The Tarot and the Decans. The cards of the Minor Arcana are related to the 36 Decans of the Zodiac. Today's date falls in the second, or Succedant, Decan of Cancer. This Decan lasts from July 2 until July 11 and is assigned to the Three of Cups, a card entitled "The Lord of Abundance." Astrologically, this Decan/card combination indicates the effects of Mercury in Cancer. Qabalistically it may be interpreted as the influence of Binah in Beriah. The Angel assigned to this Decan is named Rahadea, who is described as "a beautiful woman with a crown of myrtle in her hair playing a lyre and singing in joy." Two other angels associated with this Decan/Card combination are Rahael and Yebomayah. The assigned Demon by Day is Gusion (who is visualized as "a Xenopilus"--probably a dog-faced baboon) and the Demon by Night is Uvall (imagined quite simply as "a dromedary.") Other Beings associated with the Sign of Cancer are the Archangel Muriel, & the Angels Pachel, and Kael. Court cards are also assigned to the current Zodiac Sign and Triplicity. For the dates 7/2 through 7/11, these cards are the Queen of Cups, the Princess of Wands, and the Ace of Wands.
For daily practice during these dates: Elemental Pentagram Rituals should banish/invoke Water (for Cancer). Elemental Hexagram Rituals should banish Gusion & Uvall with the Elemental Hexagram of Luna, and Greater Hexagram Rituals should invoke Rahadea, Rahael, Yebomayah, Muriel, Pachel & Kael with the Greater Hexagram of Luna (drawn for Cancer.)
Sigil of Rahadea, Angel of the Succedant Decan of Cancer (shown above) was generated by using a magic square consisting of letters from the Names of the 36 Decan Angels. Each letter was selected and positioned by using a formula revealed during a Pathworking.
The Decans and the Shem Ha'Mephorash. The Decans of the Zodiac may be further subdivided into six sections of 5 degrees each which are called Quinances or Quincunxes. Qabalistic tradition assigns each of these five degree segments to one of the 72 Holy Names of the Shem Ha'Mephorash--The Extended Name of God. Specific Angels, Angelic Orders, and Demons relating to these Names are also assigned to the appropriate Quinances. For the time period covered by the Succedant Decan of Cancer, the relevant data (with English transliterations of the Hebrew) is as follows:
July 2--July 6: Name 21: NLK (pronounced "Nelak.") Tetragrammaton Permutation: HVHY.
Tetragrammaton Letter: H (heh). Angel: Nelakiel. Angelic Order: the Beni Elohim. Goetic Demon: Marax.
July 7--July 11: Name 22: YYY (pronounced "Yeyaya.").Tetragrammaton Permutation: HVHY.
Tetragrammaton Letter: H (heh). Angel: Yeyayel. Angelic Order: the Beni Elohim. Goetic Demon: Ipos.
Below is a Hebrew table showing the Shem Ha'Mephorash with the Holy Name for the current time period indicated in white.

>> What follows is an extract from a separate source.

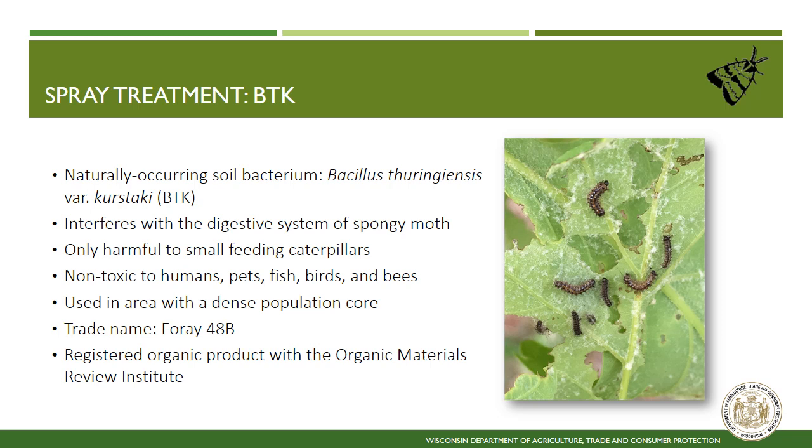Product information: BTK. When an outlier population has been selected for treatment, there are two potential treatment options. The active component of BTK is a naturally occurring soil bacterium, Bacillus thuringiensis, variation Kerstocki. This bacteria interferes with the digestive system of small spongy moth caterpillars and degrades within three to seven days of application. This product is environmentally friendly and used in areas known for dense populations of spongy moth. The product we will be using is called 4A48B, produced by Valent Biosciences. It is a registered organic product with the Organic Materials Review Institute, or OMRI, and has been regularly used for decades in Wisconsin and across the U.S. for spongy moth control programs.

Click Here For Current Elective Astrological Chart for Your Location..
CURRENT MOON about the moon
Talismans and Seals of Cancer and Luna. The symbolic devices from the Clavicula Salomonis (Lansdowne MSS. 1203) and the Lemegeton (various sources) shown above are used in invocations of the spirit and intelligence of the moon (second row) and the Angels of its corresponding Zodiac sign, Cancer (top row.) The last three rows provide the seals of the Goetic demons associated with the three Decans of Cancer and the dates during which each set of demons is in power. The demons of the day are on the left, those of the night are on the right.
Pentagrams of Power. On the floating cube below appear the four elemental Pentagrams of Fire, Water, Air & Earth and the two Pentagrams representing the Active and Passive Spirit. Each pentagram is depicted in its traditional color and inscribed with the appropriate symbols & Divine Names in Hebraic script.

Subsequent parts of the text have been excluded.